- [TASK DESCRIPTION]
Only those lines in the data below from the line containing "Fotorealistisk Hippie T-shirt (Herr)" through the line containing "リビオレジデンス西麻布の写真 玄関 ※6階の同じ間取タイプを撮影。仕様が異なることがあります。", both included, should be restated word for word.

Caption-style text data:
* * * * *

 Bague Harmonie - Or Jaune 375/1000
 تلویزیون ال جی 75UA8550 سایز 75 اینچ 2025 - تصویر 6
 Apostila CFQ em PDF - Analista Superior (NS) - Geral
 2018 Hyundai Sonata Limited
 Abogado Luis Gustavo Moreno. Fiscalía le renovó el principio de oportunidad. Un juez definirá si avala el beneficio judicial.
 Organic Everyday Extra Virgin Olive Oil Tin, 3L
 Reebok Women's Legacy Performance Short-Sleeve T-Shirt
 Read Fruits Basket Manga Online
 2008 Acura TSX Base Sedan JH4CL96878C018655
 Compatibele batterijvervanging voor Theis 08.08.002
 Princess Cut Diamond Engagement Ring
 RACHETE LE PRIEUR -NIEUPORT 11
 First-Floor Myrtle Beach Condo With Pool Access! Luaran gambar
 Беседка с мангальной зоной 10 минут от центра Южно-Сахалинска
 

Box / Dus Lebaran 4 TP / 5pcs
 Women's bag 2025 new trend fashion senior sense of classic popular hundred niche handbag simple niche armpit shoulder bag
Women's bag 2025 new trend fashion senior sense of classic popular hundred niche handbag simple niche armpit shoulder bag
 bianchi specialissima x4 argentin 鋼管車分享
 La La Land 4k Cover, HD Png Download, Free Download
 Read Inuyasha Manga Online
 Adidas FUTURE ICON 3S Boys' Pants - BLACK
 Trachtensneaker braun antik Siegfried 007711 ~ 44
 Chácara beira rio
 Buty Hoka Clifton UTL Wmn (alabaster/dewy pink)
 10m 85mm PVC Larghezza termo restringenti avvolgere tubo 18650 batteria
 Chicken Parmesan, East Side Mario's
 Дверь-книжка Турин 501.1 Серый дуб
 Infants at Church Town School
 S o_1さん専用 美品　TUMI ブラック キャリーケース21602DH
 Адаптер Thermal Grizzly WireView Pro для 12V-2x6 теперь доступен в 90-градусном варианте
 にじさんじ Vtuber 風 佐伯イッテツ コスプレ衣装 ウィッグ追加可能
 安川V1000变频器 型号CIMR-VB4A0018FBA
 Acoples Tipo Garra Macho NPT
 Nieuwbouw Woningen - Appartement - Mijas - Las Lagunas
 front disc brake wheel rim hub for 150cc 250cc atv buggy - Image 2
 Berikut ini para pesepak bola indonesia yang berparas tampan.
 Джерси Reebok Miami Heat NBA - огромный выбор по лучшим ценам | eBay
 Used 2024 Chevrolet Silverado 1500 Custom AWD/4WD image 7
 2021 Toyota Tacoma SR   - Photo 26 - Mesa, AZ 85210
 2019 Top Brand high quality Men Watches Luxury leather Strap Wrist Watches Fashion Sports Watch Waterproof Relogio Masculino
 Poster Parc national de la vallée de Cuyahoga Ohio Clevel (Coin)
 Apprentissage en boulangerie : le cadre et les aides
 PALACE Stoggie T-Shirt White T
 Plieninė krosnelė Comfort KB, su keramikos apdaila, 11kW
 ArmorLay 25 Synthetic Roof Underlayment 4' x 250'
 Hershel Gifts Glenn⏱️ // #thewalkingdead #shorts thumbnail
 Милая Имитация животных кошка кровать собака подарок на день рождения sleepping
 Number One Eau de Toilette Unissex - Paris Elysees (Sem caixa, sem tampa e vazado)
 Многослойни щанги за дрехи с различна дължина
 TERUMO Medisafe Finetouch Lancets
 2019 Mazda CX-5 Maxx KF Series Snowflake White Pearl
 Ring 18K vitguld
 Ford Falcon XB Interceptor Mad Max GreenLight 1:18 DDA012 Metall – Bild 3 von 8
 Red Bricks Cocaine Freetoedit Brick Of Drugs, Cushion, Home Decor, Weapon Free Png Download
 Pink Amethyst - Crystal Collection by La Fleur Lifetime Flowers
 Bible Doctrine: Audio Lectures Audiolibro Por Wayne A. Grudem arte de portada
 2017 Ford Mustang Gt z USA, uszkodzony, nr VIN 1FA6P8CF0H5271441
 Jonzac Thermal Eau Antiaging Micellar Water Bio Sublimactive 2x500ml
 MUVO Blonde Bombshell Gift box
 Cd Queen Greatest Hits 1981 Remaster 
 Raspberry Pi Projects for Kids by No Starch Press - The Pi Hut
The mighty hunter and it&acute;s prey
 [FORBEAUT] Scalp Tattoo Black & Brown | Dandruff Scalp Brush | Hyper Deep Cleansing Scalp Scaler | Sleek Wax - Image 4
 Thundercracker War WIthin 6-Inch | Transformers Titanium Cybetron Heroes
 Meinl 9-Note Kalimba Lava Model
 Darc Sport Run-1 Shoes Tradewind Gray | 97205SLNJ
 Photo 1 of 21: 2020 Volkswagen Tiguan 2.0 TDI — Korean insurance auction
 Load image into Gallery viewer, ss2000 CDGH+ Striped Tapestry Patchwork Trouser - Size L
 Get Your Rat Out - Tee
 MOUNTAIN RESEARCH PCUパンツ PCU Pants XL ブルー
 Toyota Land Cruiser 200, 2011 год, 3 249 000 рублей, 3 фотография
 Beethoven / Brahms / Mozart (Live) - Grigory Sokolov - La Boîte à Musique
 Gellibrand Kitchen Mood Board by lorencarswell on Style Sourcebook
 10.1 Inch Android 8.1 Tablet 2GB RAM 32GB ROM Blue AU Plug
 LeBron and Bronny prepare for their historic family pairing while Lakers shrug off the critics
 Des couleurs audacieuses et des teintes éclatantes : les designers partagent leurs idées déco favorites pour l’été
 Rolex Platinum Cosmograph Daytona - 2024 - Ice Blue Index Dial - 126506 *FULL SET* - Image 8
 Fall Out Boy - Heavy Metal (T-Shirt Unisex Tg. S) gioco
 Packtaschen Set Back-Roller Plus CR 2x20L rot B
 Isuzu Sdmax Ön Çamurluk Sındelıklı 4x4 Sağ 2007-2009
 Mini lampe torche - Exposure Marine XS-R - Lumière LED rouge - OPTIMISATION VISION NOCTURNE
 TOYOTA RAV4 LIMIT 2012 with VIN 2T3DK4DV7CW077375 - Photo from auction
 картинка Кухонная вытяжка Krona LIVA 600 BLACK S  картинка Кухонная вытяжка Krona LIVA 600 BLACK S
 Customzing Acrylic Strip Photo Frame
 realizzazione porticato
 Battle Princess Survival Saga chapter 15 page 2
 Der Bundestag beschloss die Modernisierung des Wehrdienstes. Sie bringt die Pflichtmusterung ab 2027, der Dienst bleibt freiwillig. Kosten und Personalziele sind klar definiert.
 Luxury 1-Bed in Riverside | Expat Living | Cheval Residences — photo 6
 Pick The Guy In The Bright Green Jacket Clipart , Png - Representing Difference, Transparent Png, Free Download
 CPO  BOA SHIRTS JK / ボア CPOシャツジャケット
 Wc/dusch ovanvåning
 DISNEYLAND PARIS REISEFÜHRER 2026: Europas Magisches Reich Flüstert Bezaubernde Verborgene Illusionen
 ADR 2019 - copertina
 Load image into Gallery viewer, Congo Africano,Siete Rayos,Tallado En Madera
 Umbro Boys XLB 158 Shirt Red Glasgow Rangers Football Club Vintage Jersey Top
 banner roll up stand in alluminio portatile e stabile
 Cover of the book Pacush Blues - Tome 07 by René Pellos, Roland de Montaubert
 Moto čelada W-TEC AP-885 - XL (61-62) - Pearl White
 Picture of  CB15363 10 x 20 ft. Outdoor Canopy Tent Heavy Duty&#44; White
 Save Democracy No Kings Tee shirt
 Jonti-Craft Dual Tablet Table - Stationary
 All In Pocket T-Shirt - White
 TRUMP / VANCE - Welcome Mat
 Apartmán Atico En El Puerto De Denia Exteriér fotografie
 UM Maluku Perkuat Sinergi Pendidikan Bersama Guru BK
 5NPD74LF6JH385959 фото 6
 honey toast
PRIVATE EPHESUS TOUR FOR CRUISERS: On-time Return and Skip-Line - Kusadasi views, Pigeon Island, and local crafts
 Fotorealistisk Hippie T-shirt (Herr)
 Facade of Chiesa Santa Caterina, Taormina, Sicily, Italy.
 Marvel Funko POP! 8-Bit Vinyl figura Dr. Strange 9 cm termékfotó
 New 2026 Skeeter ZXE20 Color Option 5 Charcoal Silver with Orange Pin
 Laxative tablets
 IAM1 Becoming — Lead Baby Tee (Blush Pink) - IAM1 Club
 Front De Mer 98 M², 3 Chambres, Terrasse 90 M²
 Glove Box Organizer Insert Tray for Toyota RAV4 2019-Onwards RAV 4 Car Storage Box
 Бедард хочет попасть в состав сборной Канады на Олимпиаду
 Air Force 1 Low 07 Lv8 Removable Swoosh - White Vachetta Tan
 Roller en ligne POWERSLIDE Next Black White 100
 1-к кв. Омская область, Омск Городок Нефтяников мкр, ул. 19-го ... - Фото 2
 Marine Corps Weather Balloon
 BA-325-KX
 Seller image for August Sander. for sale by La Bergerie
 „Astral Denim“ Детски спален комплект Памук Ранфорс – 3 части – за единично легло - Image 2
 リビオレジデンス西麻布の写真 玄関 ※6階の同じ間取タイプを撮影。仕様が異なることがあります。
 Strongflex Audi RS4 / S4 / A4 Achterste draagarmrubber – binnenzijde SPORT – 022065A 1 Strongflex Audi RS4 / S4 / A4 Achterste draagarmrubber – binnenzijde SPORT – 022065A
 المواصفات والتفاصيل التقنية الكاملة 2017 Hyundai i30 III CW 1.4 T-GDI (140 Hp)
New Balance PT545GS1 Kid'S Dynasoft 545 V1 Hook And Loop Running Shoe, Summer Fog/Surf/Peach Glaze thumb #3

* * * * *

- [OUTPUT OF THE EXERCISE]
 Fotorealistisk Hippie T-shirt (Herr)
 Facade of Chiesa Santa Caterina, Taormina, Sicily, Italy.
 Marvel Funko POP! 8-Bit Vinyl figura Dr. Strange 9 cm termékfotó
 New 2026 Skeeter ZXE20 Color Option 5 Charcoal Silver with Orange Pin
 Laxative tablets
 IAM1 Becoming — Lead Baby Tee (Blush Pink) - IAM1 Club
 Front De Mer 98 M², 3 Chambres, Terrasse 90 M²
 Glove Box Organizer Insert Tray for Toyota RAV4 2019-Onwards RAV 4 Car Storage Box
 Бедард хочет попасть в состав сборной Канады на Олимпиаду
 Air Force 1 Low 07 Lv8 Removable Swoosh - White Vachetta Tan
 Roller en ligne POWERSLIDE Next Black White 100
 1-к кв. Омская область, Омск Городок Нефтяников мкр, ул. 19-го ... - Фото 2
 Marine Corps Weather Balloon
 BA-325-KX
 Seller image for August Sander. for sale by La Bergerie
 „Astral Denim“ Детски спален комплект Памук Ранфорс – 3 части – за единично легло - Image 2
 リビオレジデンス西麻布の写真 玄関 ※6階の同じ間取タイプを撮影。仕様が異なることがあります。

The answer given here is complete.